There was a pause, and then a roar of laughter. I could see Antti working it out in his mind. From that moment on, it seemed like they had decided I could hang. I was one of them.
Some days in Lemmenjoki I was alone, without another human in sight. I wandered the fjelds and wrote and felt half crazy, but not in a bad way. I wrote for clarity, for survival, for love, for yearning. I wrote because there was nothing else to do. I wrote even though there was everything else to do. I let the land settle on my soul. But Lemmenjoki is also a place of human stories and living legends, of strange, interesting, colorful characters, and most of all I lived for the days when I got to be with them.
There’s Tintti, who drives his boat like art, and spicy Marge who runs Ahkun Tupa. Anne-Marie dances like the wind and fills the room with her laughter. Pekka Itkonen loves motors and machines and Piipa loves mushrooms and berries and cries when the baby birds leave, and somehow they have built a life together. Mullis takes you off guard with his worldly stories and off-color sense of humor, and Ilkka waxes on about the simple life. Aki shovels dirt in a pit with abandon (out of everyone I always hope he’ll find the biggest nugget, though he hasn’t yet), and then teaches us to gut and skin ptarmigan with gentle hands and utmost care. Topi the Hopeless, who I re-named Topi the Topless after successfully convincing him to take his shirt off, drinks and shouts and flies planes and loses his ATV in the forest for 2 weeks when he tries to drive it to Norway. The three Telilä men are each captivating in their own way – old Risto’s boyish, mischievous sense of humor, Mika’s attention to detail and care for the people around him peppered with a tiny bit of sarcasm, and Ami’s somehow guarded yet open heart and smile, which isn’t one you forget easily. Pirjo and Jouko surround their daughter Vilma with love and fire and humor, and Vilma teaches me Finnish and how to jump over trashcans with a hobby horse.
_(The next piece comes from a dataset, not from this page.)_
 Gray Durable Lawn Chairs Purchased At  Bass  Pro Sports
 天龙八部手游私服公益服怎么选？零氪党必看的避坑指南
Sweet Tytti, who gave up a high-paying job to follow her calling as a silversmith, takes pictures and tries to keep to the edges but everyone knows she is quite in the middle of things, noticing and holding everyone together. Jukka’s eyes fill with tears when he talks about the new law which will close down the Lemmenjoki gold mines in 8 years, and it is easy to see how much this place means to him. It’s easy to see how much this place means to everyone – rascals, jokesters, daughters, grandfathers, liars, lunatics, caretakers, drunkards, artists, swindlers, lovers, heroes, all.
On my way out of Lemmenjoki, a tourist from Helsinki inquired what I had learned about Petronella. “So what did you find? Is she a crook?” he asked. I paused. Petronella and I have had an interesting relationship. Sometimes I felt intensely connected to her, as if we shared the same soul. Sometimes I felt angry at the web of confusion and mystery she left in her wake. Sometimes I wondered if it was really her I was following, or just the echoes of my own heart. But in the end she was there on the fjelds, keeping me grounded, leading me onto something I don’t know but will probably be big and scary and hard and has the potential of failure and heartbreak but will without a doubt be worth it if I make it through to the beauty and fullness on the other side. I took a breath, and I answered him.
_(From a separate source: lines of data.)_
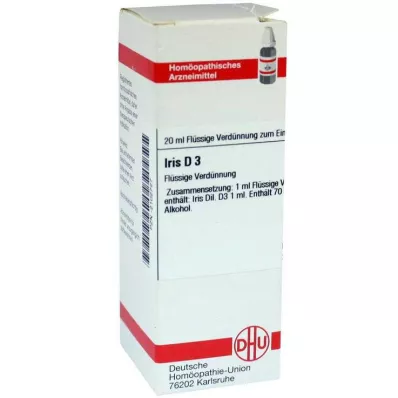 IRIS D 3 Razredčitev, 20 ml IRIS D 3 Razredčitev, 20 ml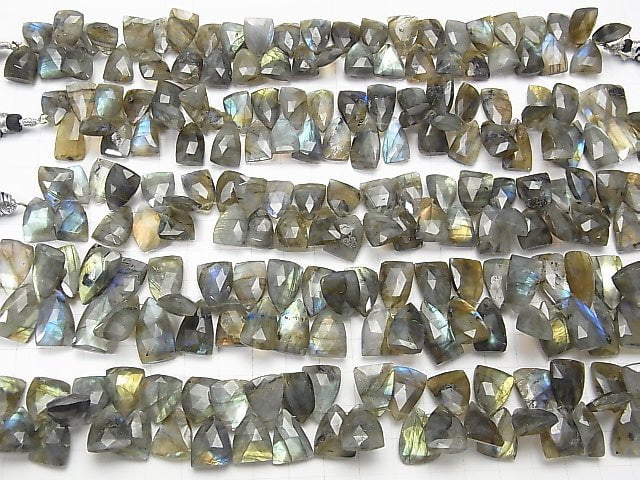 [Video] Labradorite AA++ Triangle Cut  1strand beads (aprx.7inch/18cm)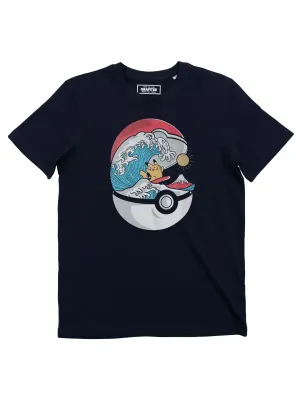 Preview: Pokemon Wave T-Shirt  - Pikachu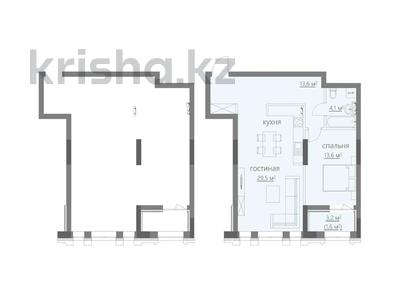2-бөлмелі пәтер · 64.1 м², мкр Новый Город, ​Улица Комиссарова 27, бағасы: ~ 46.2 млн ₸ в Караганде, Казыбек би р-н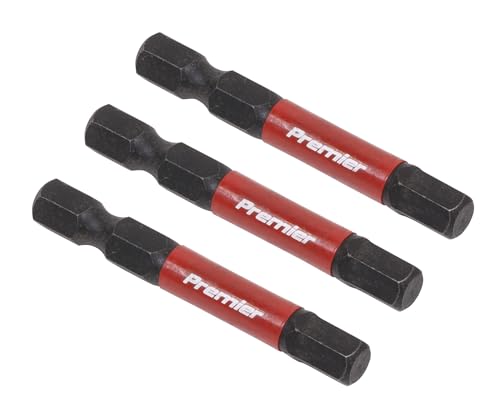 Hex 6mm Impact Power Tool Bits 50mm - 3pc von Sealey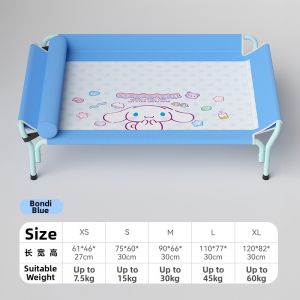 hipidog | Portable Protective Collapsible Pet Bed for Large and Medium Dogs with Neck Support and Waterproof Design
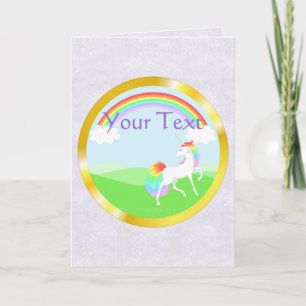 Carte de voeux Unicorn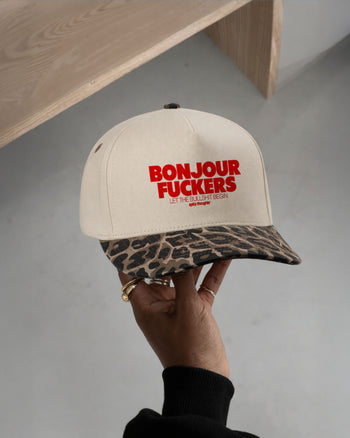 Cap Leopard - Bonjour Fuckers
“I have found that Petronella is whatever people need her to be,” I said. “She is a crook, a trickster, a heroine, a temptress, a woman, a mother, a legend. So am I. So are you.” He smiled and raised his eyebrows, surprised but satisfied. “Humans are complicated,” I said.
To my Lemmenjoki friends and all the people I have met along the way, though it will never be enough: kiitos. I will wear my golden you-know-what with pride, and remember. I will return.
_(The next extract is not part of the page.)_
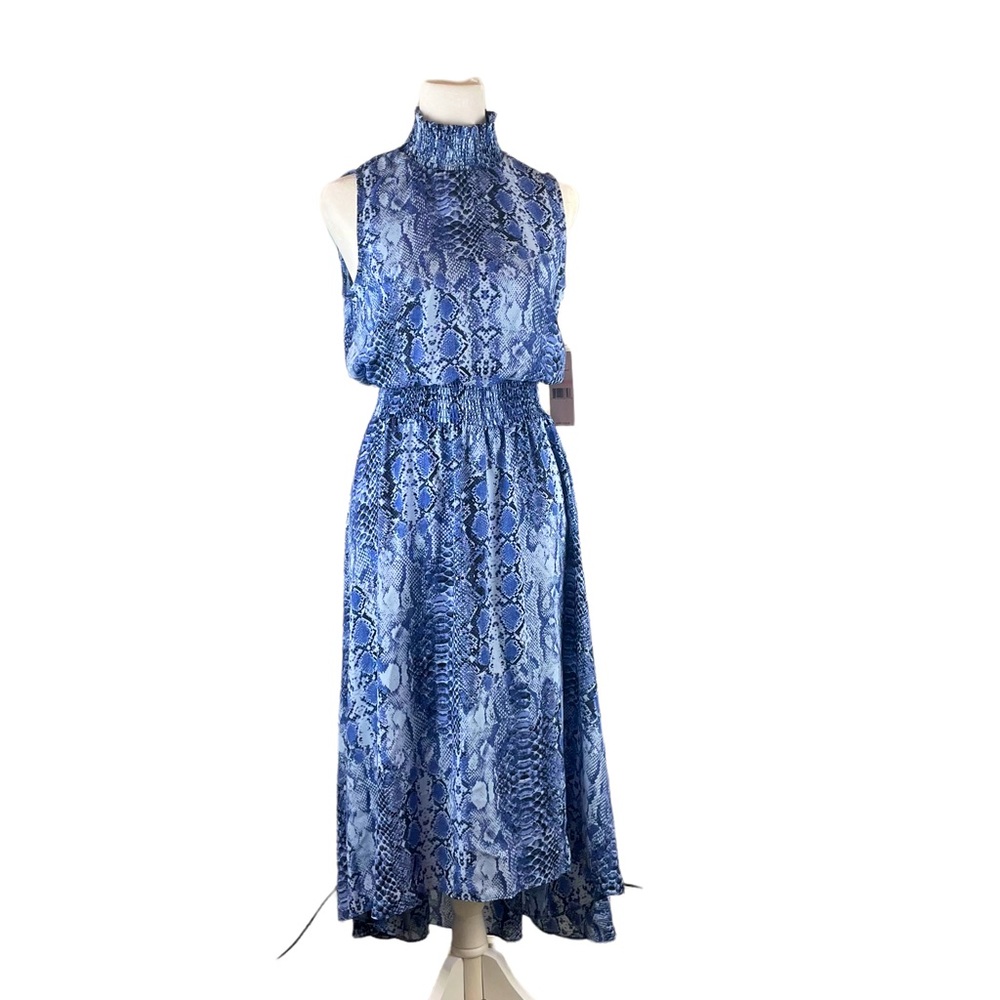 Nanette Lepore Snakeskin Mock Neck Size 2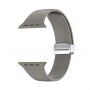 Silikonski remen sa metalnim magnetskim kopčanjem za Apple Watch 42mm / 41mm / 40mm / 38mm - sivi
To my friends back home: when you ask me how my journey was, don’t believe what I tell you. There’s no way I’ll truly be able to say it in its entirety until it is written.
Petronella and I, we’re all of it. So are you. We’re complicated. I hope that when I am finished, you will see us as the humans we are, beautiful in our complexity. Maybe you will view yourself in the same way, beautiful in your own.